Work to be completed:
Pictures must not appear in the copy. Set down exactly the line with "Premium Tek Büyük Yataklı Oda" and each line after it through the end of the data below.

Supplied information:
§ §

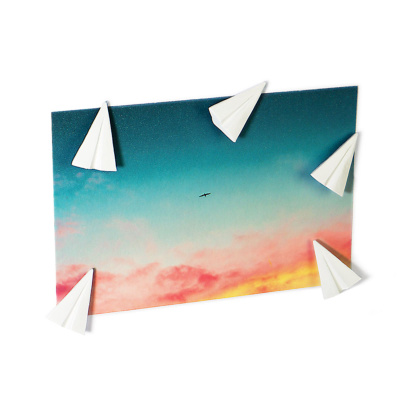 Lav fine opsætninger af noter og postkort på køleskabet med papirfly magneterne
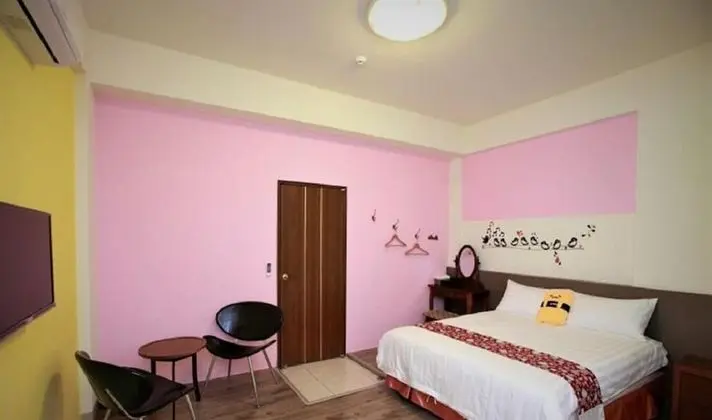 Premium Tek Büyük Yataklı Oda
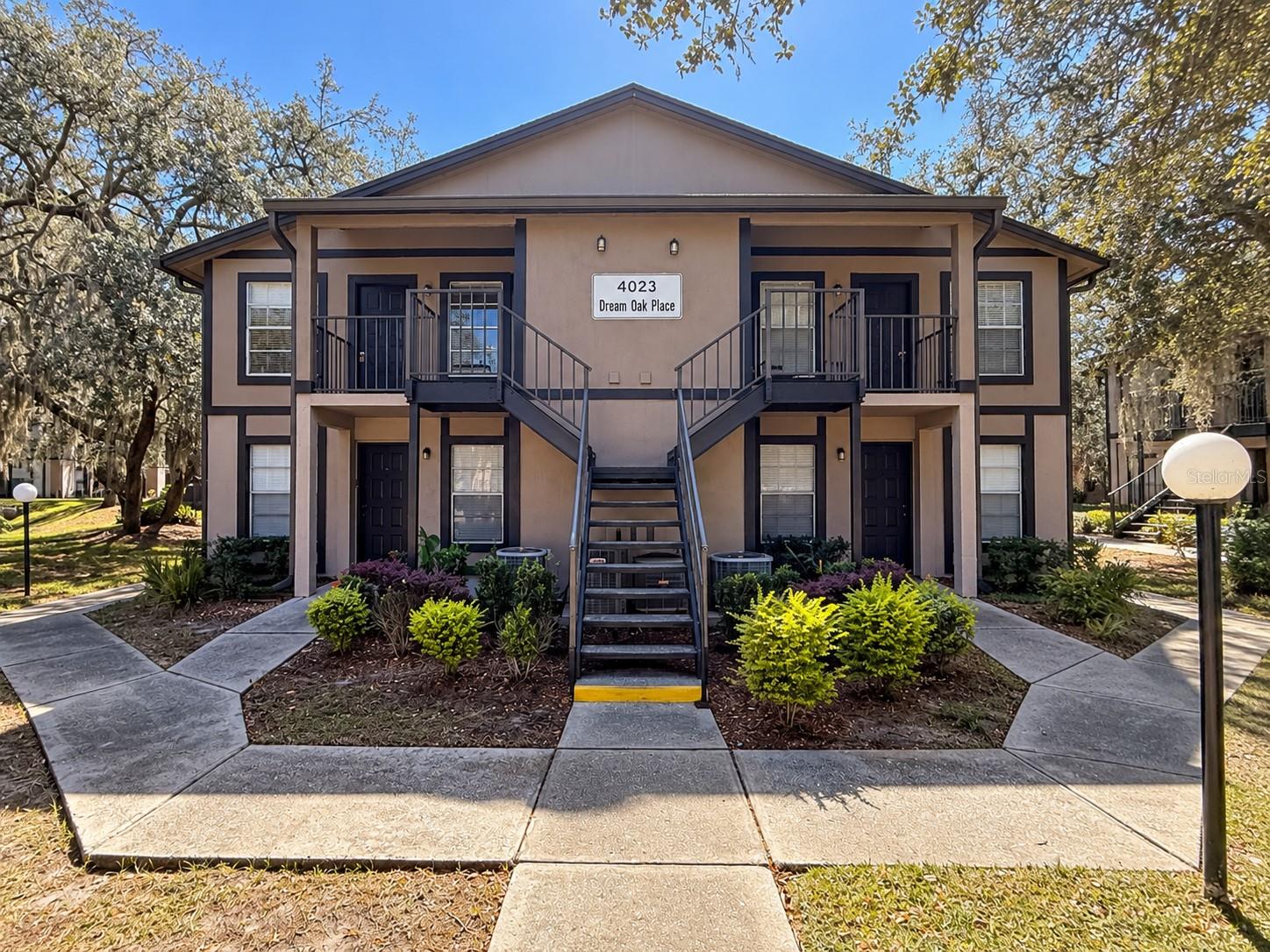 NORTH OAKS CONDO III - Residential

§ §

Output below:
 Premium Tek Büyük Yataklı Oda
 NORTH OAKS CONDO III - Residential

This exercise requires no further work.